VON MAXIMILIAN REICHLIN | 07.08.2014 20:06

Dahoam is dahoam – Über Dialekte und ihre Relevanz

Ob Hessisch, Sächsisch oder Berliner Schnauze. Kaum ein anderes Land dieser Erde kann so viele unterschiedliche Mundarten aufweisen wie Deutschland. Überall „schwätze“ oder „babbele“ die Deutschen anders. Doch Dialekte sind kein rein deutsches Phänomen. Beinahe jede Standardsprache entwickelt im Laufe der Zeit ihre eigenen Tochtersprachen, die sich jeweils in Aussprache, Grammatik und sogar in den einzelnen Vokabeln unterscheiden können. Wie Dialekte zustande kommen und warum es wichtig ist, sie zu beherrschen.

Das Wort „Dialekt“ stammt aus dem Griechischen und bedeutet „miteinander reden“ oder „Gespräch und Redeweise von Gruppen“. Dialekte gibt es auf der ganzen Welt. Als lokale oder regionale Sprachen entwickeln sich Dialekte oft aus der sogenannten „Dachsprache“ und werden nur von einer bestimmten Personengruppe korrekt gesprochen und verstanden. Sie entstehen, wenn bestimmte soziale Gruppen sich eine gemeinsame Sprache teilen, dann allerdings eine räumliche Trennung erfahren. Beide Dialekte entwickeln sich danach unterschiedlich, möglicherweise kommt es bei einer Sprache zu einer Lautverschiebung, die die Sprecher der jeweils anderen Mundart „verpassen“.

Wie Deutsch bist du?

So geschah es bei den deutschen Dialekten. In der sogenannten „Zweiten“ oder „Hochdeutschen“ Lautverschiebung zwischen 600 und 800 n. Chr. verschoben sich in Mittel- und Süddeutschland zum Beispiel der Konsonant „t“ zu „s“ oder der Konsonant „p“ zu „pf“ oder „f“. Im Norden Deutschlands, wo heute die sogenannten „niederdeutschen“ Dialekte gesprochen werden, fand diese Verschiebung nicht statt. Wo im Süden also etwa das Wort „Apfel“ gebräuchlich ist, sagt man im Norden nach wie vor „Appel“. Ähnlich steht es um „dat“ und „wat“, oder eben „das“ und „was“. Interessanterweise existierte bis dahin kein einheitliches Standard- oder Hochdeutsch, wie wir es heute als Amts- und Schriftsprache verwenden. Diese überall verständliche Form des Deutschen entwickelte sich erst gegen Ende des Mittelalters. Martin Luthers Bibelübersetzung hat dazu einen entscheidenden Beitrag geleistet.

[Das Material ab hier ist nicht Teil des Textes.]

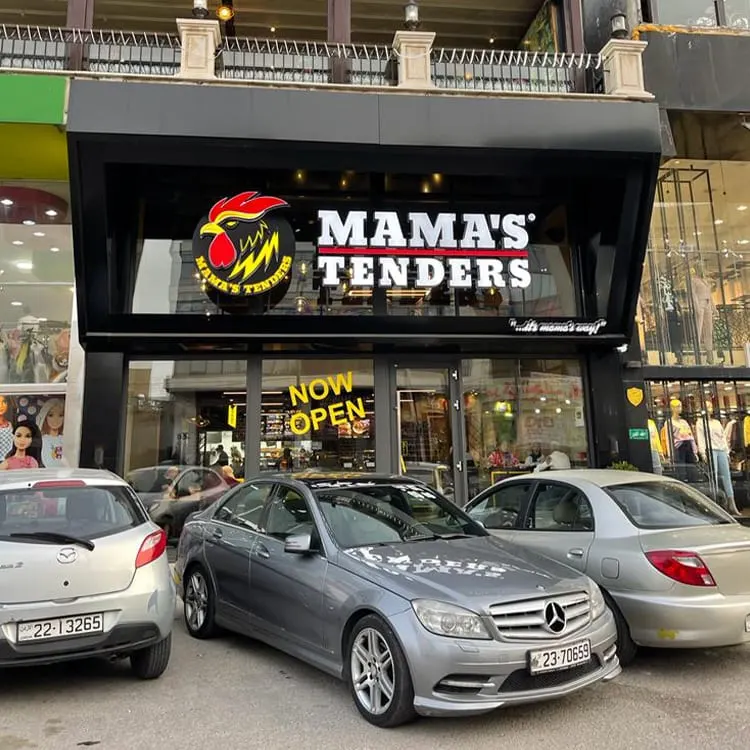 MAMA'S TENDERS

Doch nicht nur in Deutschland wird Dialekt gesprochen. Auch Engländer müssen sich mit den dort oft ungern gehörten Sprachvarietäten herumschlagen. Wo in Deutschland das Sprechen von Dialekten oder Mundarten eine lange Tradition hat – hier existiert immerhin auch die sogenannte Dialektliteratur – galt es in Großbritannien lange Zeit als unschicklich, vom Standardenglisch abzuweichen. Mundart, etwa das im Osten Londons verbreitete „Cockney“, verriet Unbildung und war deswegen mit einem Stigma belegt. Erst in den letzten Jahrzehnten löste sich dieses Stigma auf. Mittlerweile gehen das zuvor favorisierte „Queens English“ und das „Cockney“, vor allem in London, nahtlos ineinander über und formen einen völligen neuen Londoner Dialekt. Und auch in Spanien existieren verschiedene Sprachvarietäten: vier Dachsprachen gibt es dort, jede wiederum mit eigenen Mundarten. Da kommt einiges zusammen.

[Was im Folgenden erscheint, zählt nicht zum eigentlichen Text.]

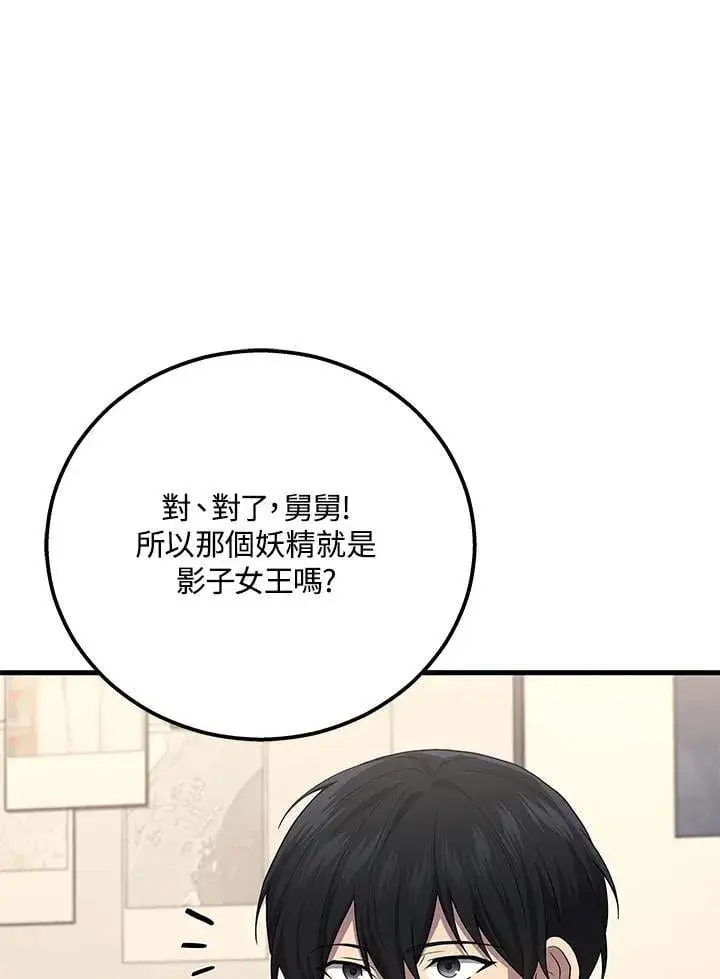 漫画《2等武神》第51话(第1季最终章)第95张图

Da der größte Teil der Kommunikation, vor allem etwa in den urbaneren Gebieten, allerdings weitgehend ohne Dialekte auskommt, sterben viele vor allem Deutsche Mundarten langsam aus. Sprachforscher beklagen, dass die Mundarten der rund 20 Dialekträume in Deutschland mit der Zeit verschwinden und rufen zu Gegenmaßnahmen auf. Denn: Wenn Kinder die Mundart ebenso wie das Standarddeutsche sprechen lernen, entwickelt sich ihr Sprachzentrum deutlich schneller. Mittlerweile bieten Schulen, vor allem in den „großen“ Dialekträumen wie Bayern, Mecklenburg-Vorpommern oder Hamburg Kurse an, um Kindern gezielt die regionale Mundart beizubringen. Abgesehen vom Lerneffekt habe Dialekt immerhin auch immer noch eine identitätsstiftende Funktion. Um nur ein Beispiel zu nennen: „Zuhause“ kann man auf der ganzen Welt sein, aber wirklich „dahoam“ fühlt man sich als Bayer eben nur in Bayern.